EDIT: I reread the OP and noted that the total isn't 330, but 400+. At this point all the parameters entered into a wire size calculation become critical. For instance, the common use of "110" as a voltage may not reflect the reality of the job. For example, in my area we tend to see voltages in the 125- 127 range. It makes a big difference in voltage drop. The other issue is the "9 or 10" amps quoted as draw. Given that one contractor recommended a seriously undersized feed, I would want to see complete specs. on the gate opener before I started buying wire. If this 9-10 turns out to be 14-15 when the charger is humming at full load, you could really end up in trouble. OTOH, if it's closer to 5-6 amps, you might be putting a lot of wasted money in the ground.


----------



## TnAndy

tiogacounty said:


> I would want to see complete specs. on the gate opener before I started buying wire. If this 9-10 turns out to be 14-15 when the charger is humming at full load, you could really end up in trouble.

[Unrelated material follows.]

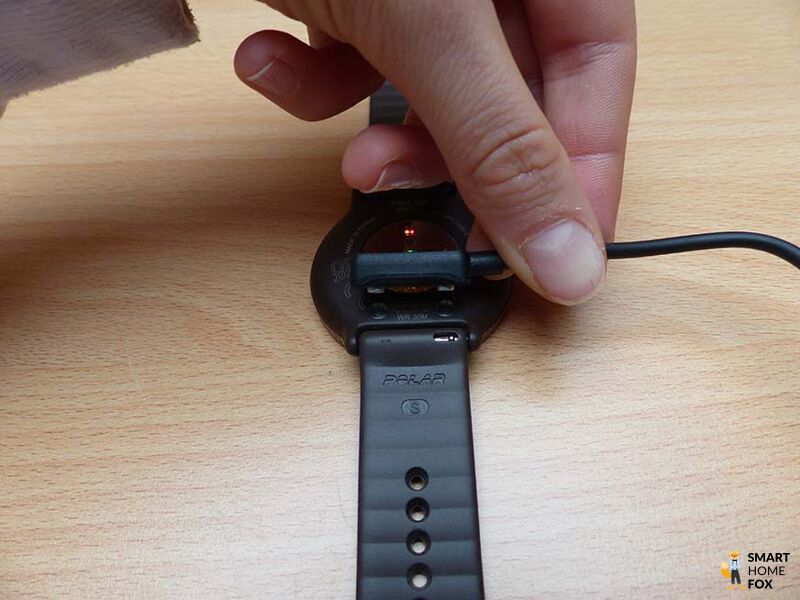 Man sieht das Ladekabel der Polar Ignite 3.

OTOH, if it's closer to 5-6 amps, you might be putting a lot of wasted money in the ground.


Exactly.

I'd venture a "guess" that since this IS a 24v system with battery, the battery is actually doing the "heaving lifting" as far as supplying your gate opener motor needs and all you have is a small 2-5amp trickle type charger to keep the battery up since the open/close cycles per day is probably only going to be a few...and a small charger can take care of it between draws.....but that is purely a guess without the specs.


----------



## uhcrandy

There are also many Solar powered options.


----------



## ponyboy123

Might be worth checking out a small solar panel or a wind turbine.......


----------